Tennis Majors : Adrian, nous avions tourné une vidéo pour UTS il y a quelques semaines et tu avais approché ta raquette du micro de la caméra pour faire entendre le son de l’impact de la main sur ton cordage. Tu avais dit “c’est le son d’un filet de pêche…”

Adrian Mannarino : Oui, c’est-à-dire le son d’une raquette qui n’est vraiment pas très tendue. Je pense que je suis un des joueurs qui tend le moins sur le circuit. Celle-là en l’occurrence, elle est tendue à 9,5 kilos. J’oscille entre 9 et 11 kilos. Ça dépend un petit peu des cordeurs et des conditions de jeu qu’on a sur les tournois.

Comment en vient-on à prendre la décision de descendre aussi bas ?

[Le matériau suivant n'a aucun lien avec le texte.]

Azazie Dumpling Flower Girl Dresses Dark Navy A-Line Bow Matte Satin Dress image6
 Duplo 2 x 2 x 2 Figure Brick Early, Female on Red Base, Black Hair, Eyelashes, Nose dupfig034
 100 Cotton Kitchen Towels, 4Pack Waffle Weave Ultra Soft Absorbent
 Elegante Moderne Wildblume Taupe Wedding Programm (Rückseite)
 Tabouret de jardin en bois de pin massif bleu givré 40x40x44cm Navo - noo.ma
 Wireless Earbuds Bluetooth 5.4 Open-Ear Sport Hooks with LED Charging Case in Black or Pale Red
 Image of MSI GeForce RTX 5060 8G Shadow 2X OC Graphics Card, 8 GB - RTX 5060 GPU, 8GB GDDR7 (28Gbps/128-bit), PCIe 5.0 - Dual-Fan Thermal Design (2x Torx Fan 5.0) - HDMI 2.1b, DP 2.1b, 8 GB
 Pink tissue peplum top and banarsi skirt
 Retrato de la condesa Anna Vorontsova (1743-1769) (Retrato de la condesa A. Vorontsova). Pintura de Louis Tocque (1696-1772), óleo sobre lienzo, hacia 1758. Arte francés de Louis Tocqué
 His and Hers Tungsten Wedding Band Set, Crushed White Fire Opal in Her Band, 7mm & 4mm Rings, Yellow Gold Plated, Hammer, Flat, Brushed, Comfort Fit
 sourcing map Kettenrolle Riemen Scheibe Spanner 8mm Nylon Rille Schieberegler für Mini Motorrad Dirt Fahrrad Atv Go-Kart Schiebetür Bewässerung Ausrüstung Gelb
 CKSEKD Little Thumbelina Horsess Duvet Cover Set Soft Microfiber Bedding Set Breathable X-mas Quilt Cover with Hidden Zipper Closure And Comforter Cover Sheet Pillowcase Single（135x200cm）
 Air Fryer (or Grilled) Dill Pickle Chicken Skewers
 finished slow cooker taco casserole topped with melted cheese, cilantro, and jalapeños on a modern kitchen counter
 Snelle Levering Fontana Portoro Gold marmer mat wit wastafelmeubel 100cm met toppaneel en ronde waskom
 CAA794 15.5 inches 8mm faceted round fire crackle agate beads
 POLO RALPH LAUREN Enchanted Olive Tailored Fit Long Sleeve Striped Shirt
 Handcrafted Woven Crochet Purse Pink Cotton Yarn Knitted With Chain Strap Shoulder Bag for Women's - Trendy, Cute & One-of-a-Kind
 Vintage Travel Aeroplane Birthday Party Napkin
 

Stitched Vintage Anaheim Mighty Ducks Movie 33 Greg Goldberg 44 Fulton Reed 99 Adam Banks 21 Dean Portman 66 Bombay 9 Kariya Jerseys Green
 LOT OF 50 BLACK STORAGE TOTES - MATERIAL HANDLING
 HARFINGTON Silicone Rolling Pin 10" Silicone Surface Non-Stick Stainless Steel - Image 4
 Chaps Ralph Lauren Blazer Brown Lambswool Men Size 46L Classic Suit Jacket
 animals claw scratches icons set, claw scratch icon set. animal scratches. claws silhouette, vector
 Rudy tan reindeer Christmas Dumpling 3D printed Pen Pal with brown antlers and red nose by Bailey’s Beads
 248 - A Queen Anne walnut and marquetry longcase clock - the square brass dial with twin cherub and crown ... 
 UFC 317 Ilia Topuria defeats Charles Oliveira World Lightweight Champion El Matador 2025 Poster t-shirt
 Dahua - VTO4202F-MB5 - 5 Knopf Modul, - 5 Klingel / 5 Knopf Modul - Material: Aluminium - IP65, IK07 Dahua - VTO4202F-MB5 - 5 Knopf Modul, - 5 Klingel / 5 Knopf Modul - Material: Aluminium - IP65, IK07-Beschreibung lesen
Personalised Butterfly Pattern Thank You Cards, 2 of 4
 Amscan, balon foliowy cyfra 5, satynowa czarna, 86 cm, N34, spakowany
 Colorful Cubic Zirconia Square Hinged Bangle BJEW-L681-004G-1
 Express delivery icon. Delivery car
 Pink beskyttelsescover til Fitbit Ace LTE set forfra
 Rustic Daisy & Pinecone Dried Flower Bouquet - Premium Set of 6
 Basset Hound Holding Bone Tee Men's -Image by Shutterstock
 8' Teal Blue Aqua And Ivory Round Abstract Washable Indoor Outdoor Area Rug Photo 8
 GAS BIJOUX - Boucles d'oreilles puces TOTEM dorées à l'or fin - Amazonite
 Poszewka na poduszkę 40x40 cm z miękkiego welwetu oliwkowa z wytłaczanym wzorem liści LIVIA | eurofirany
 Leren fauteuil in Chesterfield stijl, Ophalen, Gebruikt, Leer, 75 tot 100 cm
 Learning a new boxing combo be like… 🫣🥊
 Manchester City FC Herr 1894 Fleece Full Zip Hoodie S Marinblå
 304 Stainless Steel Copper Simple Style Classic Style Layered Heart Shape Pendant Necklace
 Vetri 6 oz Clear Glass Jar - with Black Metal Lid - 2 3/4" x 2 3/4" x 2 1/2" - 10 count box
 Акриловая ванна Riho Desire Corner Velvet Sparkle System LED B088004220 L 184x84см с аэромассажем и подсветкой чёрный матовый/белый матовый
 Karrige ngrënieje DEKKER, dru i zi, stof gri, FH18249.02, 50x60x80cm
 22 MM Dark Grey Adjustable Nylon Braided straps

Adrian Mannarino : J’ai commencé un peu comme tout le monde, au-dessus de 20 kilos. Et au fil des années, je suis descendu. Ça convient bien à mon jeu, tout simplement. Et malheureusement, quand j’essaie de remonter ma tension un petit peu, je prends le bas du filet quand je manque de confiance ou de sensation. On me dit souvent que c’est quelque chose d’incroyable de jouer à cette tension-là. Mais pour moi, c’est juste ce qui me convient le mieux. Ce n’est pas un motif de fierté ou quoi que ce soit, c’est juste que voilà, quand je vais sur le terrain j’ai envie de gagner et ce qui m’aidera le plus à gagner un match c’est de jouer à cette tension-là.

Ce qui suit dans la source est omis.